GithubHelp home page GithubHelp logo

uejb / kafka-connect-solr Goto Github PK

View Code? Open in Web Editor NEW

This project forked from jcustenborder/kafka-connect-solr

0.0 0.0 0.0 168 KB

Kafka Connect connector for writing to Solr.

License: Apache License 2.0

Java 98.37% Shell 1.63%

kafka-connect-solr's Introduction

Introduction

Documentation

Confluent Hub

The SOLR connector is a high speed mechanism for writing data to Apache Solr.

Tip

If you are seeing error messages such as Invalid version (expected 2, but 60) or the data in not in 'javabin' format compare the version of the Solr Server against the version of solrj the connector is compiled with. This error message is most likely due to a version mismatch between the server and solrj. To address this try replacing the solr-solrj-*.jar packaged with the connector with the version that matches the Solr server you are connecting to.

Sink Connectors

Cloud Solr

This connector is used to connect to SolrCloud using the Zookeeper based configuration.

Tip

The target collection for this connector is selected by the topic name. Transformations like the RegexRouter transformation can be used to change the topic name before it is sent to Solr.

Configuration

Authentication

solr.password

The password to use for basic authentication.

Importance: High

Type: Password

Default Value: [hidden]

solr.username

The username to use for basic authentication.

Importance: High

Type: String

Connection

solr.zookeeper.hosts

Zookeeper hosts that are used to store solr configuration.

Importance: High

Type: List

solr.zookeeper.chroot

Chroot within solr for the zookeeper configuration.

Importance: High

Type: String

Indexing

solr.delete.documents.enabled

Flag to determine if the connector should delete documents. General practice in Kafka is to treat a record that contains a key with a null value as a delete.

Importance: Medium

Type: Boolean

Default Value: true

solr.commit.within

Configures Solr UpdaterRequest for a commit within the requested number of milliseconds. -1 disables the commit within setting and relies on the standard Solr commit setting.

Importance: Low

Type: Int

Default Value: -1

Examples

Drop Topic prefix

In this example each record has an incoming topic name prefixed with solr-. Assuming that our topic is solr-customer the following example will strip the prefix of solr- allowing us to write to the collection named customer. This is accomplished by using the RegexRouter transformation that is bundled with Apache Kafka.
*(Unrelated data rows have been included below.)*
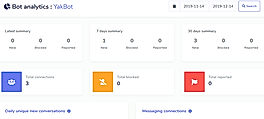 YakBot : Dashboard screenshot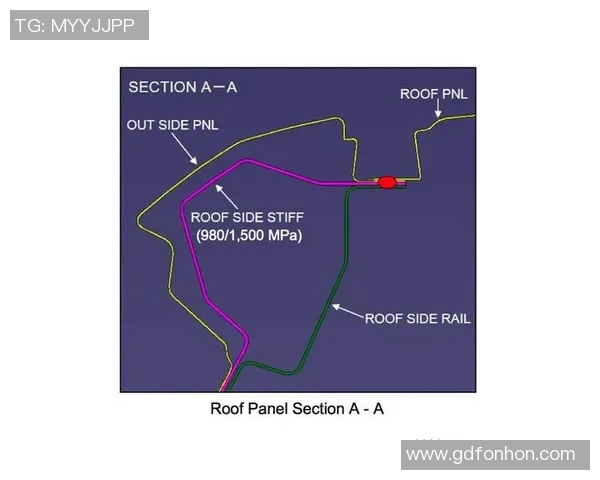 赛后分析：深圳乒乓球队与广州乒乓球队个人能力对比探讨
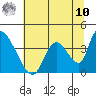 Elk River RR Bridge tide chart for Thursday, July 10, 2025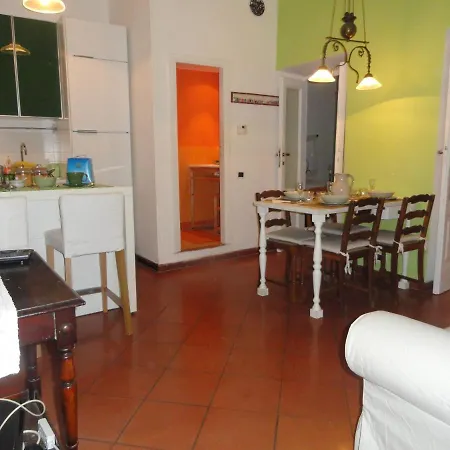 Il Nido Al Colosseo Rzym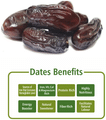Everyday Four Rabbi Dates thumbnail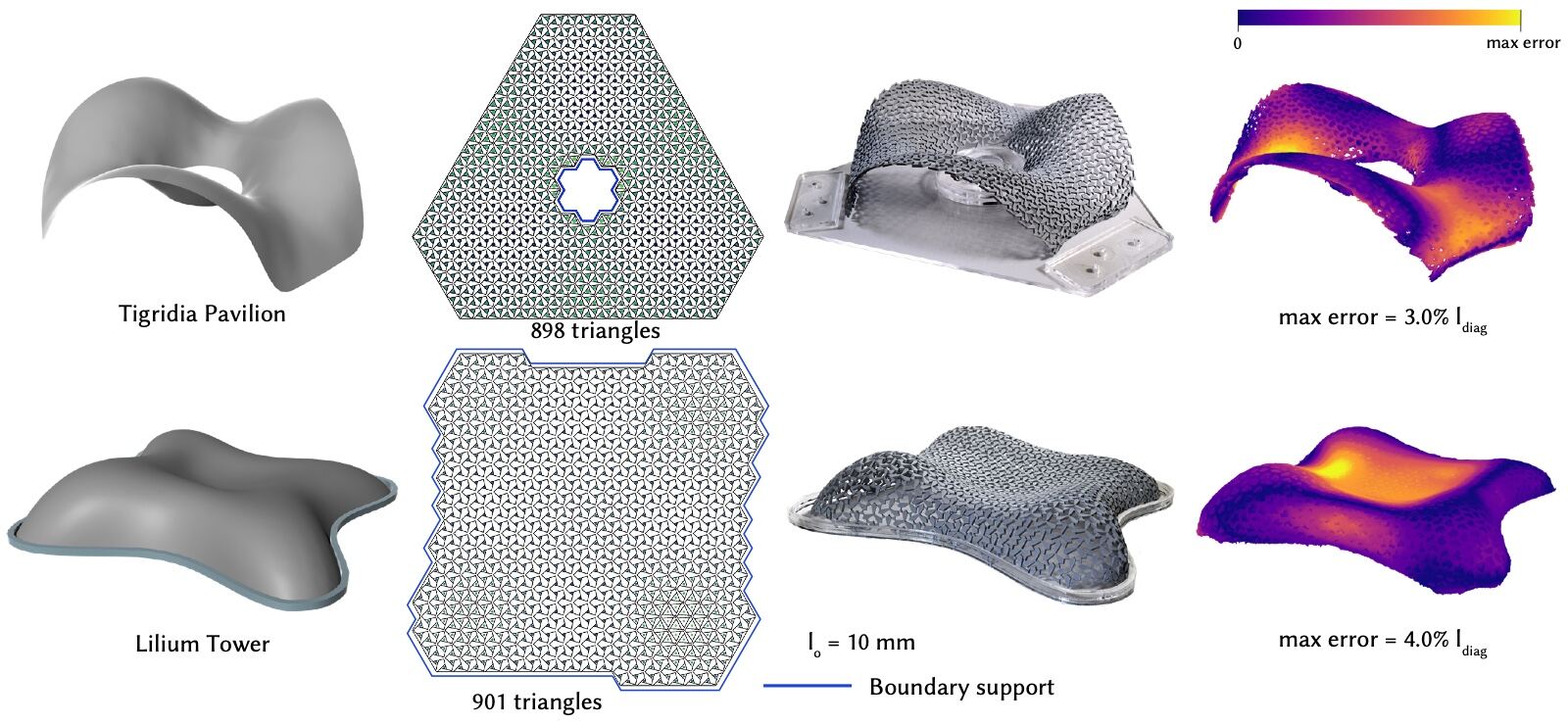 Two freeform surfaces, the Tigridia Pavilion and the Lilium Tower: target surface, flat cut pattern with about 900 triangles, deployed laser-cut model, and the scanned deviation map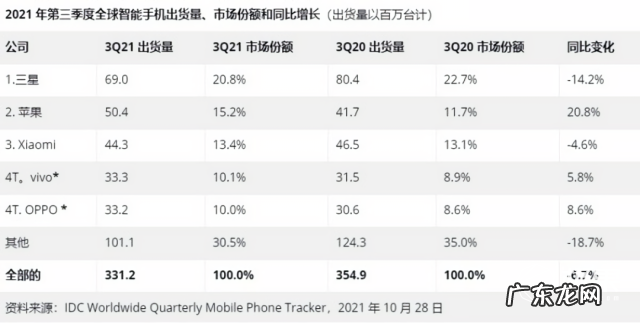 自动变大小“卷轴屏”手机要来了！上下拉伸，配置不低，你会买吗？
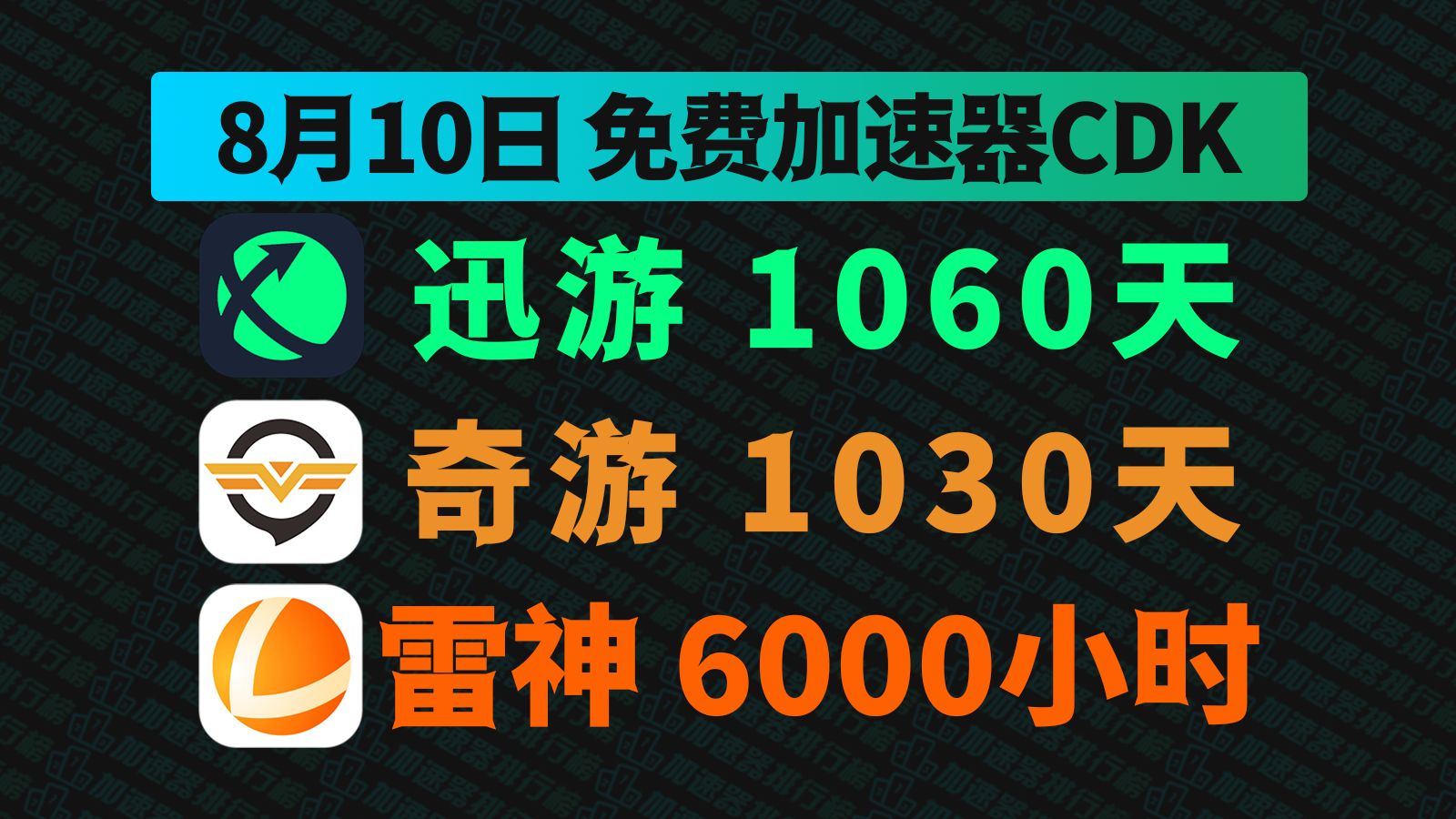 8月10日奇游加速器免费1030天兑换码CDK!雷神6000小时口令码!迅游1060天!古怪/AK的兑换口令!周卡/月卡兑换码!人人都有!先到先得!哔哩哔哩...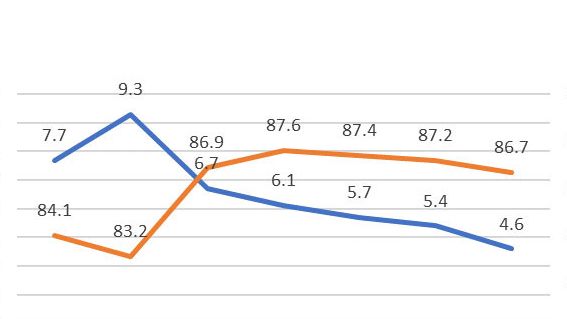 Gr&aacute;fico 1: Taxa de partos e % de repeti&ccedil;&otilde;es, 1&ordf; cobri&ccedil;&otilde;es ano 2018 (689024 cobri&ccedil;&otilde;es), base de dados PigCHAMP Pro Europa (301250 porcas).
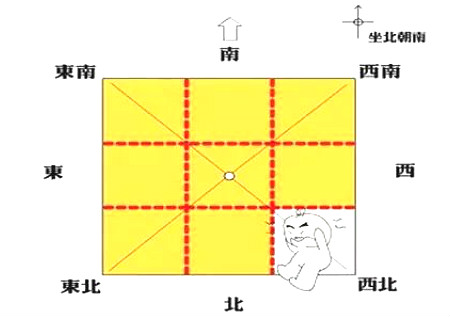 八卦五行方位图_八卦的方位_八卦与方位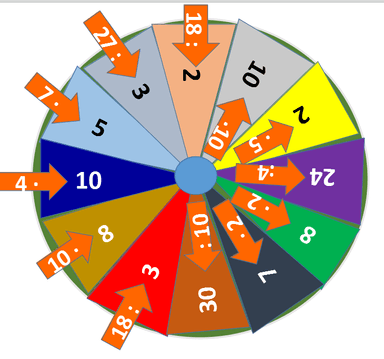 Kolo sreće, ponavljanje tablice množenja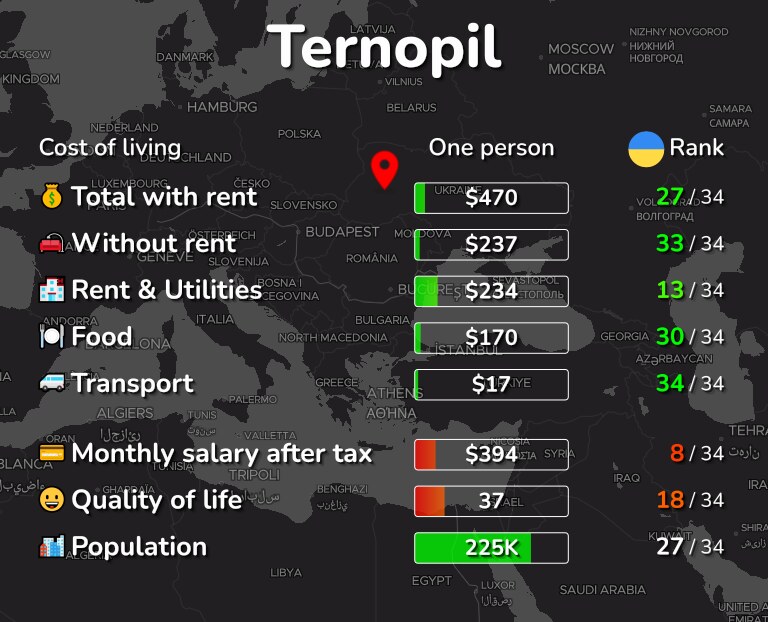 Cost of living in Ternopil infographic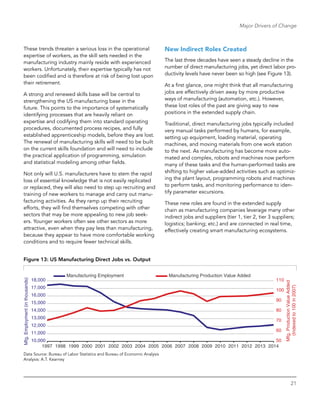 21
Major Drivers of Change
These trends threaten a serious loss in the operational
expertise of workers, as the skill sets needed in the
manufacturing industry mainly reside with experienced
workers. Unfortunately, their expertise typically has not
been codified and is therefore at risk of being lost upon
their retirement.
A strong and renewed skills base will be central to
strengthening the US manufacturing base in the
future. This points to the importance of systematically
identifying processes that are heavily reliant on
expertise and codifying them into standard operating
procedures, documented process recipes, and fully
established apprenticeship models, before they are lost.
The renewal of manufacturing skills will need to be built
on the current skills foundation and will need to include
the practical application of programming, simulation
and statistical modeling among other fields.
Not only will U.S. manufacturers have to stem the rapid
loss of essential knowledge that is not easily replicated
or replaced, they will also need to step up recruiting and
training of new workers to manage and carry out manu-
facturing activities. As they ramp up their recruiting
efforts, they will find themselves competing with other
sectors that may be more appealing to new job seek-
ers. Younger workers often see other sectors as more
attractive, even when they pay less than manufacturing,
because they appear to have more comfortable working
conditions and to require fewer technical skills.
New Indirect Roles Created
The last three decades have seen a steady decline in the
number of direct manufacturing jobs, yet direct labor pro-
ductivity levels have never been so high (see Figure 13).
At a first glance, one might think that all manufacturing
jobs are effectively driven away by more productive
ways of manufacturing (automation, etc.). However,
these lost roles of the past are giving way to new
positions in the extended supply chain.
Traditional, direct manufacturing jobs typically included
very manual tasks performed by humans, for example,
setting up equipment, loading material, operating
machines, and moving materials from one work station
to the next. As manufacturing has become more auto-
mated and complex, robots and machines now perform
many of these tasks and the human-performed tasks are
shifting to higher value-added activities such as optimiz-
ing the plant layout, programming robots and machines
to perform tasks, and monitoring performance to iden-
tify parameter excursions.
These new roles are found in the extended supply
chain as manufacturing companies leverage many other
indirect jobs and suppliers (tier 1, tier 2, tier 3 suppliers;
logistics; banking; etc.) and are connected in real time,
effectively creating smart manufacturing ecosystems.
Figure 13: US Manufacturing Direct Jobs vs. Output
1997 1998 1999 2000 2001 2002 2003 2004 2005 2006 2007 2008 2009 2010 2011 2012 2013 2014
10,000
11,000
12,000
13,000
14,000
15,000
16,000
17,000
18,000
50
60
70
80
90
100
110
Manufacturing Employment Manufacturing Production Value Added
Mfg.Employment(inthousands)
Mfg.ProductionValueAdded
(Indexedto100in2007)
Data Source: Bureau of Labor Statistics and Bureau of Economic Analysis
Analysis: A.T. Kearney
 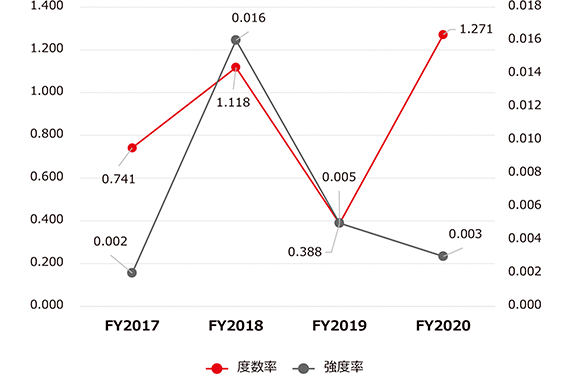 労働災害度数率と休業災害強度率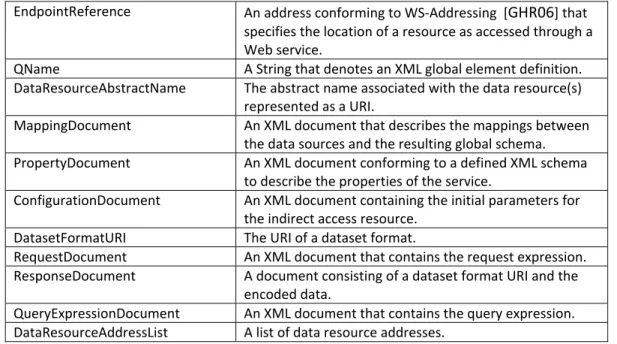 Table 2.1: Types used in the Integration and Query Interfaces. 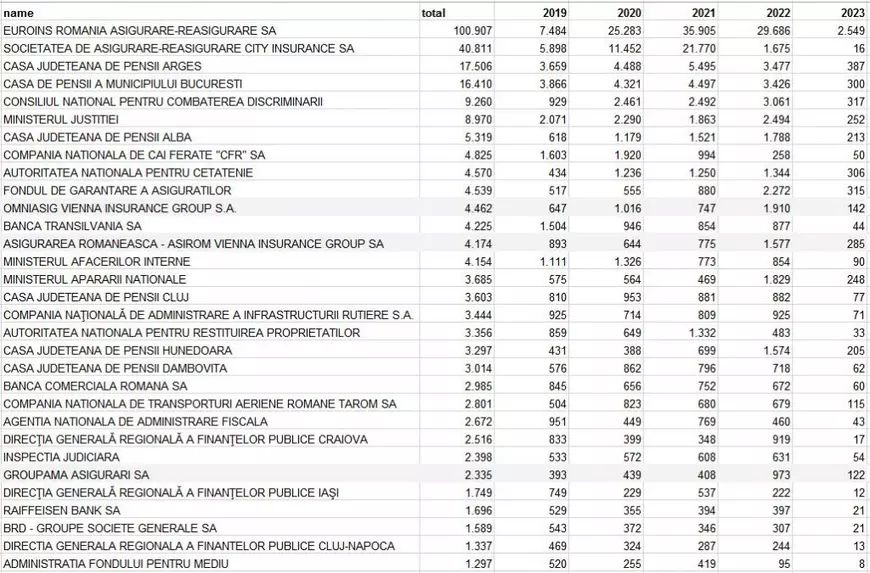 România a învins Polonia în ultimul meci de la Campionatul Mondial, însă ratează orice șansă -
Select one of the following configuration methods based on how you have deployed Kafka Connect. Distributed Mode will the the JSON / REST examples. Standalone mode will use the properties based example.

Distributed Mode Json
{
  "name" : "cloudSolrSinkConnector1",
  "config" : {
    "connector.class" : "com.github.jcustenborder.kafka.connect.solr.CloudSolrSinkConnector",
    "tasks.max" : "1",
    "topics" : "topic1,topic2,topic3",
    "solr.zookeeper.hosts" : "zookeeper.example.com:2181",
    "solr.username" : "freddy",
    "solr.password" : "password12345",
    "transforms" : "dropPrefix",
    "transforms.dropPrefix.type" : "org.apache.kafka.connect.transforms.RegexRouter",
    "transforms.dropPrefix.regex" : "solr-(.*)",
    "transforms.dropPrefix.replacement" : "$1"
  }
}
Standalone Mode Properties
connector.class=com.github.jcustenborder.kafka.connect.solr.CloudSolrSinkConnector
tasks.max=1
topics=topic1,topic2,topic3
solr.zookeeper.hosts=zookeeper.example.com:2181
solr.username=freddy
solr.password=password12345
transforms=dropPrefix
transforms.dropPrefix.type=org.apache.kafka.connect.transforms.RegexRouter
transforms.dropPrefix.regex=solr-(.*)
transforms.dropPrefix.replacement=$1
Standard

This example will connect to a Solr Cloud cluster without authentication.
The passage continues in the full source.